> _AVAILABLE DATA_
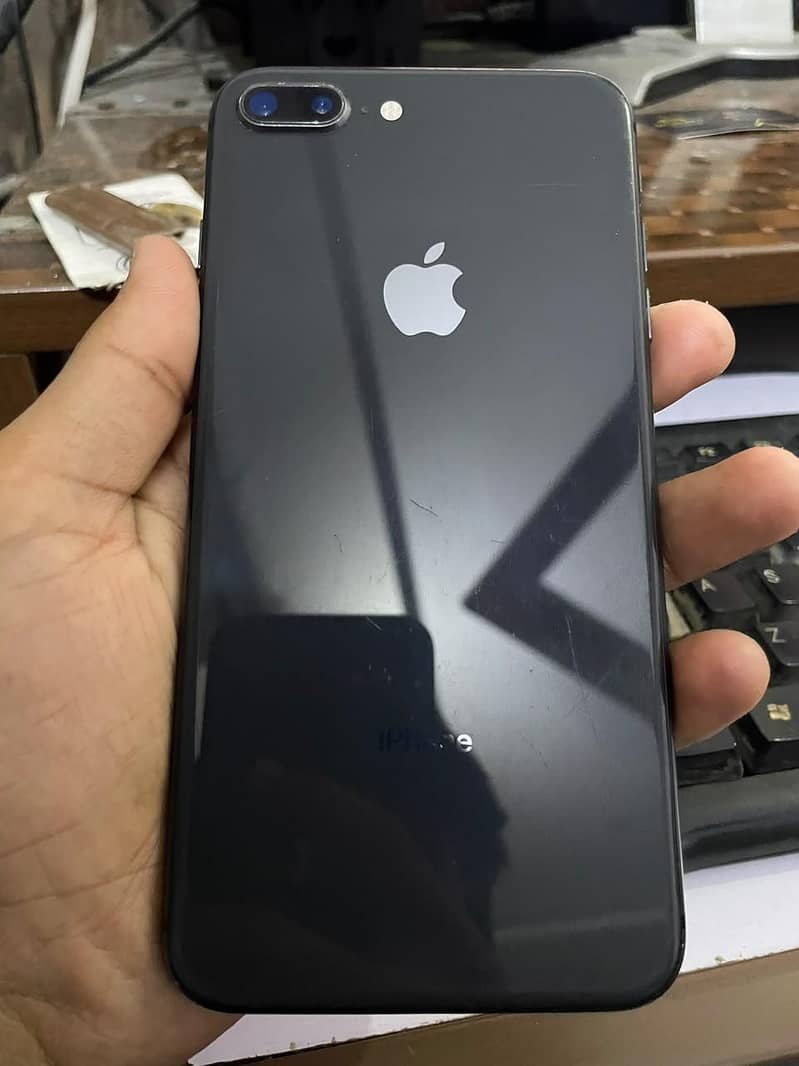 Apple iPhone 8 Plus 1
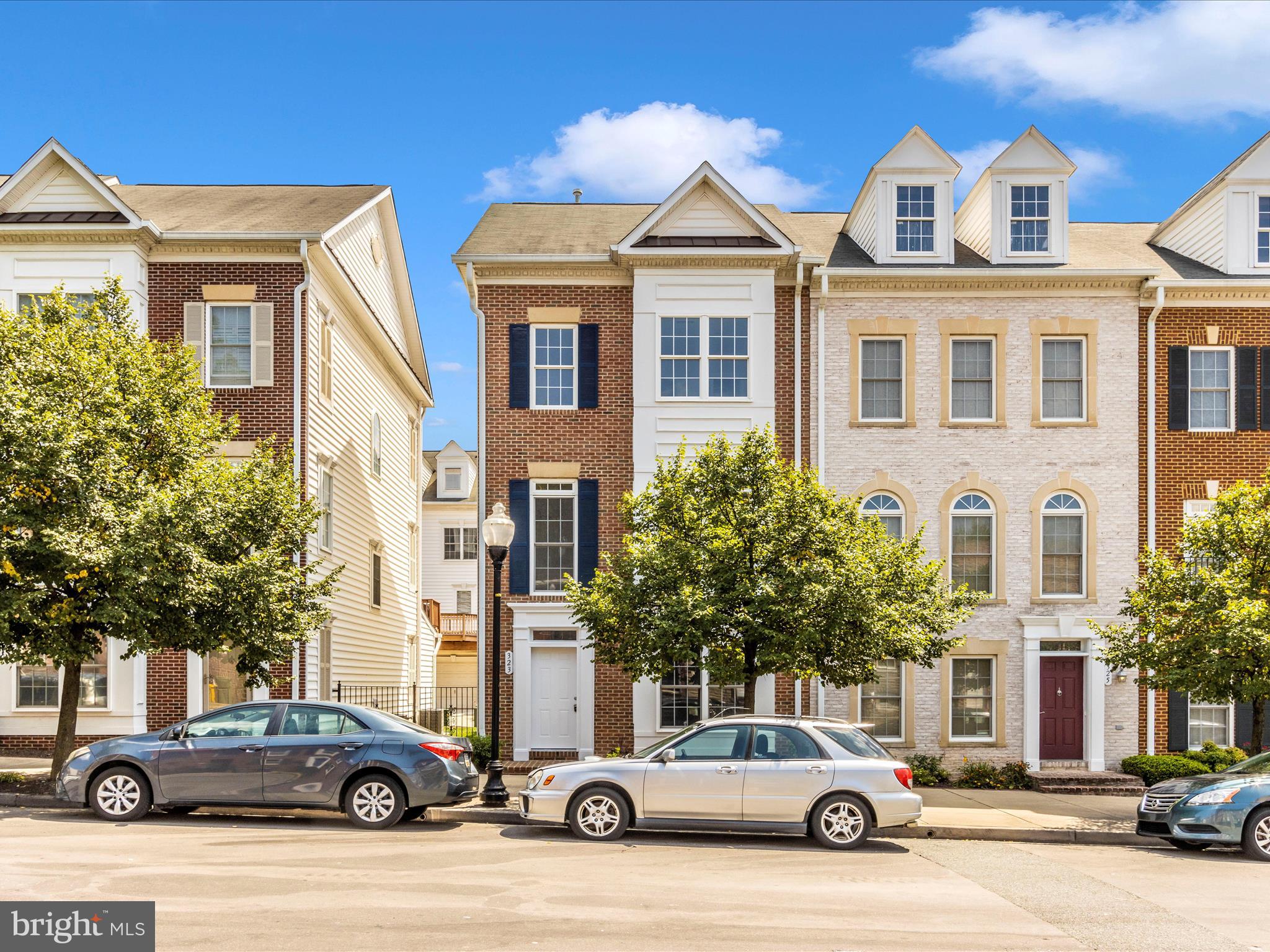 CAMDEN CROSSING - Residential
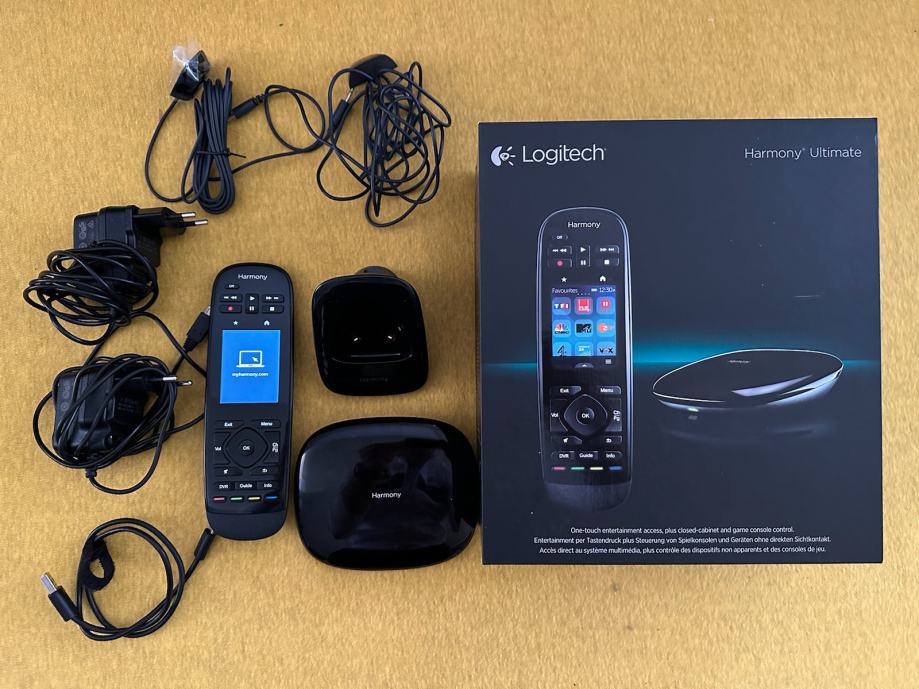 Logitech Harmony Ultimate + Hub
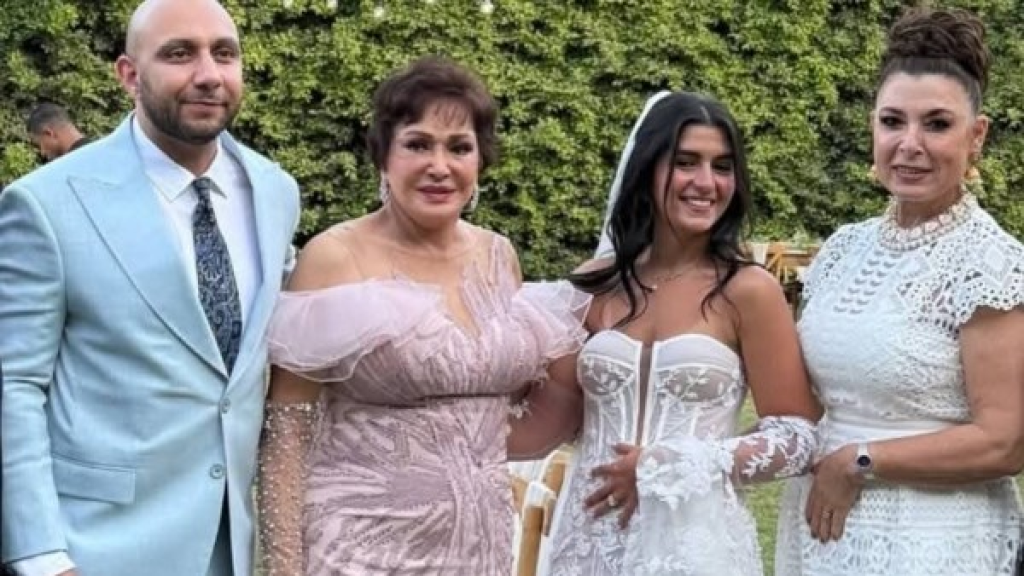 بحضور لبلبة وأنوشكا .. الصور الأولى من حفل زفاف نجل بهاء الدين محمد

> _WHAT YOU WILL DO_
Write out the data again word for word, minus any images.

> _WRITTEN ANSWER_
 Apple iPhone 8 Plus 1
 CAMDEN CROSSING - Residential
 Logitech Harmony Ultimate + Hub
 بحضور لبلبة وأنوشكا .. الصور الأولى من حفل زفاف نجل بهاء الدين محمد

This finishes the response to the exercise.